This is the first in a short series of blogs in which we will look at the so-called Santa Claus rally in stocks and find some answers to the question “is there a tendency for stocks to rally into the end of the year?”
This is not a simple question to answer, but a good place to start is with a data visualization. The chart on this page shows each month (vertical columns) of each year of the DJIA back to 1929 (rows). If the month was positive, the box is colored green. If the month closed down, the box is red. (There were no months that were unchanged.)
Spend some time looking at that chart. You can click on it to see it full size and zoom into specific years, or you can also zoom out so you see more (or all) of the data.
Tomorrow, we’ll look at this in a slightly different way, but here are a few numbers to consider:
- In this dataset, 58.8% of months are positive. (Any randomly selected month should be green about 58.8% of the time.)
- All Decembers are green 72% of the time. This is the largest percent green of any month.
- January, April, July, and November are close behind. Each of these has about a 62%-63% chance of being green.
- Red months are September (40% green), June (52%), and May (55%).

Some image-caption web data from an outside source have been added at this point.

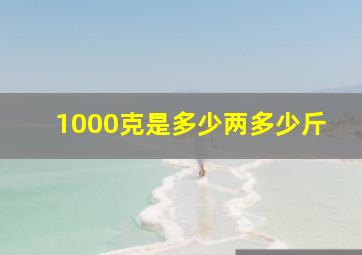 1000克是多少两多少斤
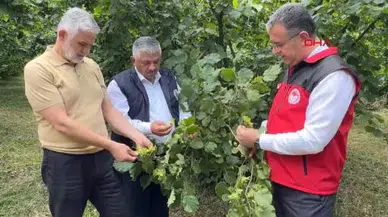 Ordu'da fındık rekolte tespit çalışmaları başladı, 400 noktada inceleme sürüyor.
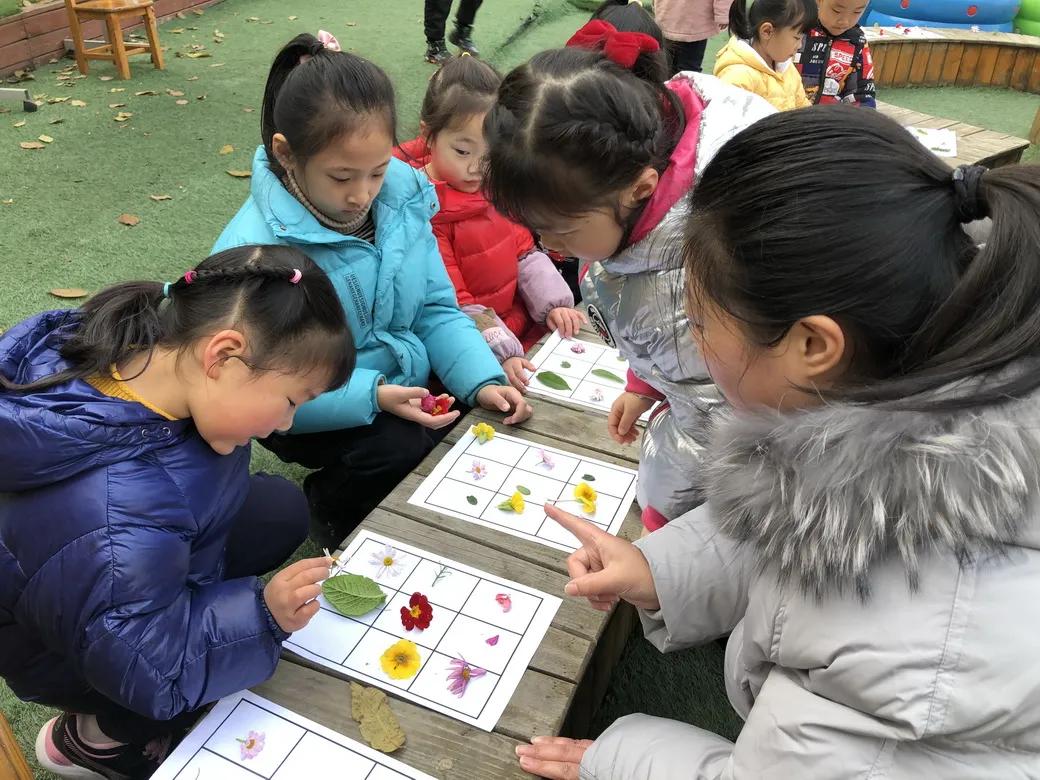 巧用天然材料，感受自然之美丨天府新区华阳幼儿园开展户外活动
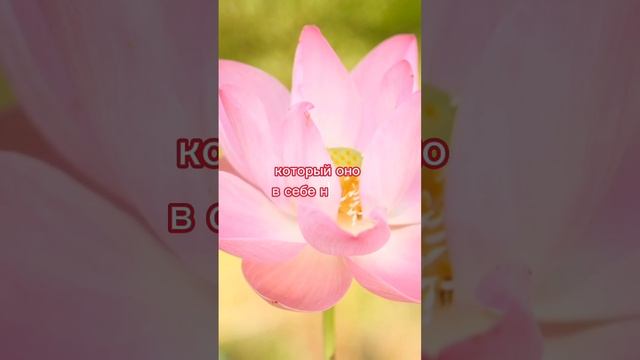 Скажите "благодарю" вашему телу #психология #энергия #жизнь #тело #shorts смотреть онлайн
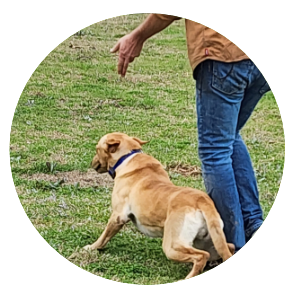 Advanced Training
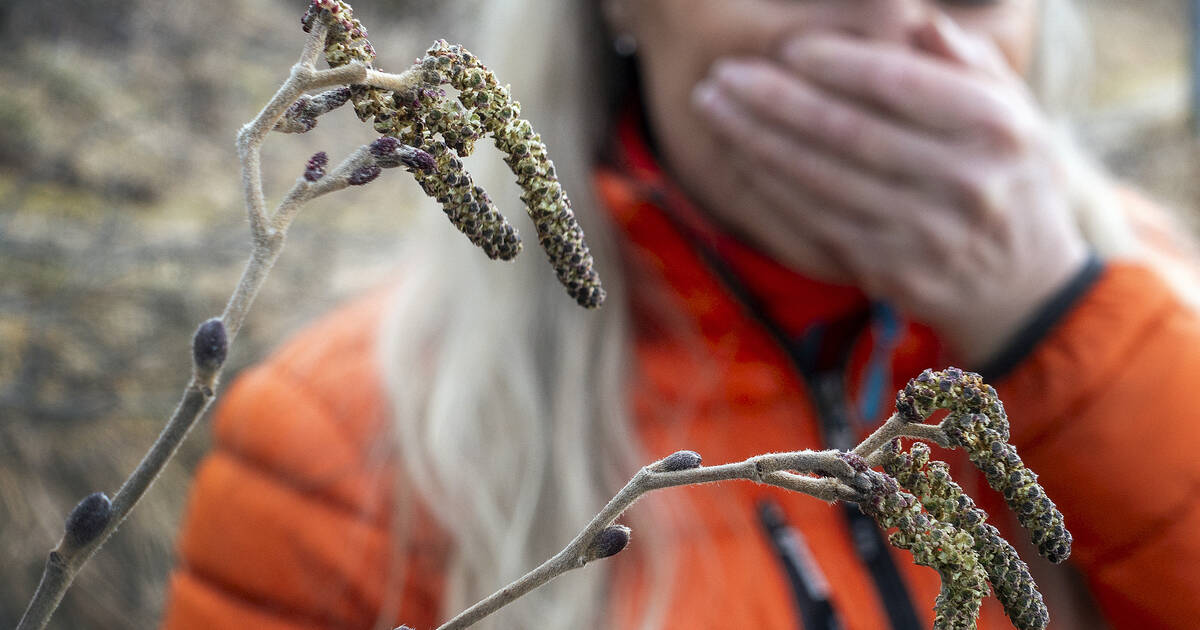 Allergies aux pollens : les trois quarts de la France désormais placés en alerte rouge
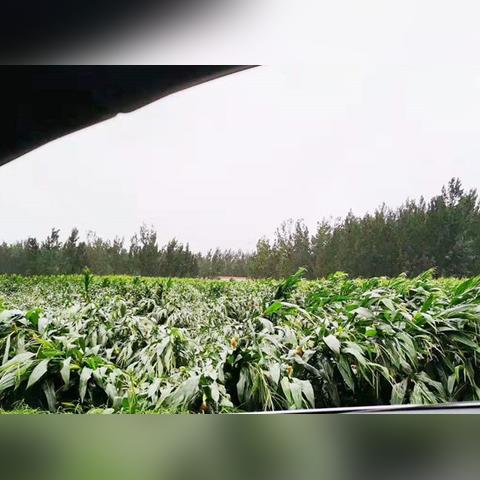 台风最新1小时消息今天,强风暴雨逼近,多地进入紧急防御状态 台风最新1小时消息今天,强风暴雨逼近,多地进入紧急防御状态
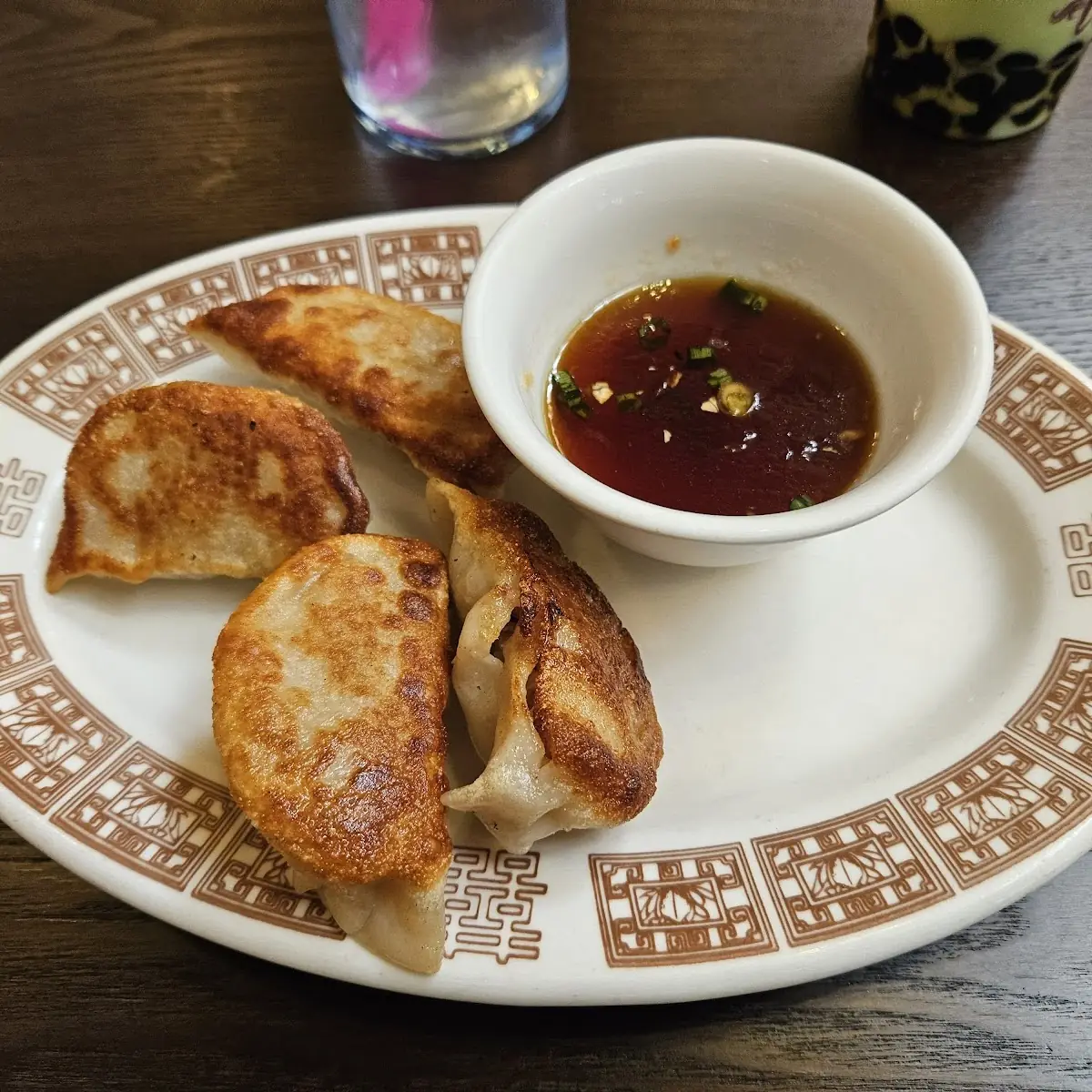 Pork Dumplings Pan Fried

So, it appears that December has been green more than any other month in the dataset, but a look at the “Christmas Tree” (red and green) chart shows us that it’s far from a certain thing that December will be up. In addition, it looks like only two Decembers between 1942 – 1963 were red, so we have to wonder if that might be skewing the data.
Spend some time looking at this chart and thinking about questions to ask. We will look at this across different time slices, bull and bear market conditions, and then dig into daily returns instead of monthly.
Oh, final thought: most people call the December rally the “Santa Claus Rally” or “Santa Effect”, but that’s a mistake. That’s not the real Santa, and we’ll get to that too!